[[ Data below, beginning ]]

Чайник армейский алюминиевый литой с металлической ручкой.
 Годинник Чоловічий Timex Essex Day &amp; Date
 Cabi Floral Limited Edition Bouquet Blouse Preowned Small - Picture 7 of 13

[[ Data below, end ]]

**What the task asks:** The full listing should be duplicated exactly, line by line.

**Response for this exercise:**
Чайник армейский алюминиевый литой с металлической ручкой.
 Годинник Чоловічий Timex Essex Day &amp; Date
 Cabi Floral Limited Edition Bouquet Blouse Preowned Small - Picture 7 of 13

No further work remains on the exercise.